**WORK TO COMPLETE**
Beginning with the line that holds "Fireplace icon" and finishing with the line that holds "Marque publicitaire aeg", repeat the listing exactly, leaving every picture out.

**DATA IN THIS EXERCISE**
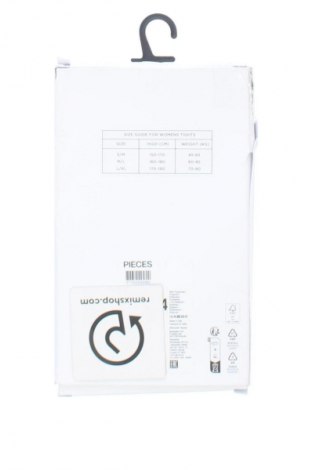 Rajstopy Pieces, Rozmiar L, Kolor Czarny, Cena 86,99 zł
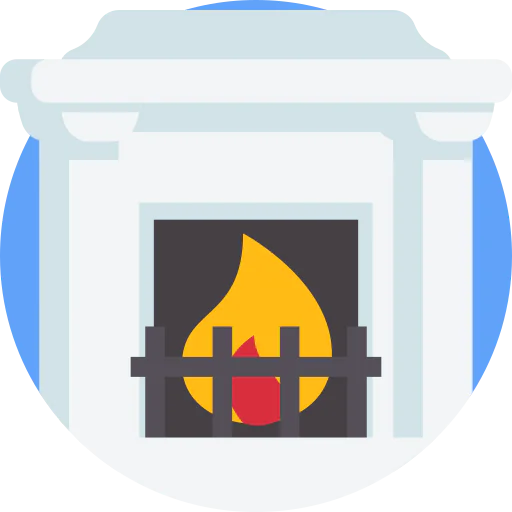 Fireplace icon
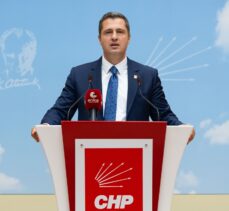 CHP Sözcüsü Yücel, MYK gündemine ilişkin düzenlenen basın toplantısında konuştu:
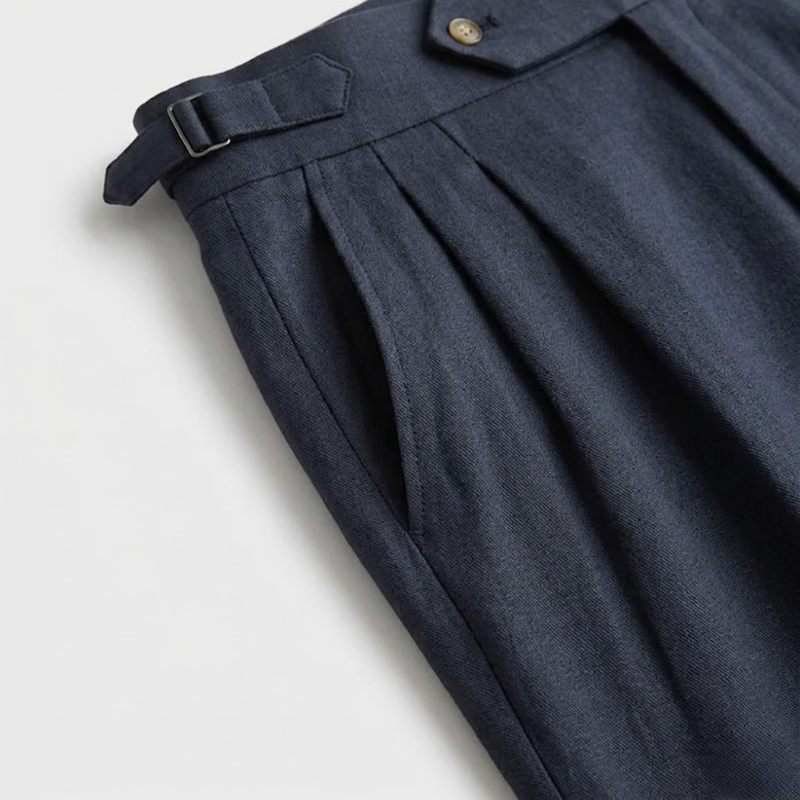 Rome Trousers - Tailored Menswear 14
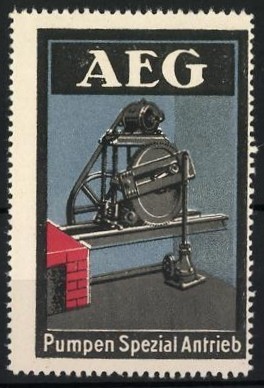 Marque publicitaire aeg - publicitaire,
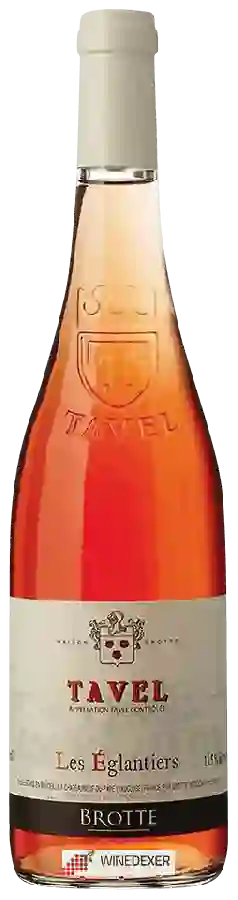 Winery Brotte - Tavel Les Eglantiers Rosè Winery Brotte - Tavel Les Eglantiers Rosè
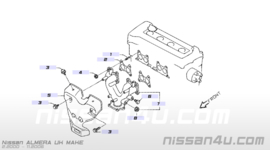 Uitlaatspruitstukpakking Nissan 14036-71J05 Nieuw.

**RESPONSE TO THIS TASK**
 Fireplace icon
 CHP Sözcüsü Yücel, MYK gündemine ilişkin düzenlenen basın toplantısında konuştu:
 Rome Trousers - Tailored Menswear 14
 Marque publicitaire aeg - publicitaire,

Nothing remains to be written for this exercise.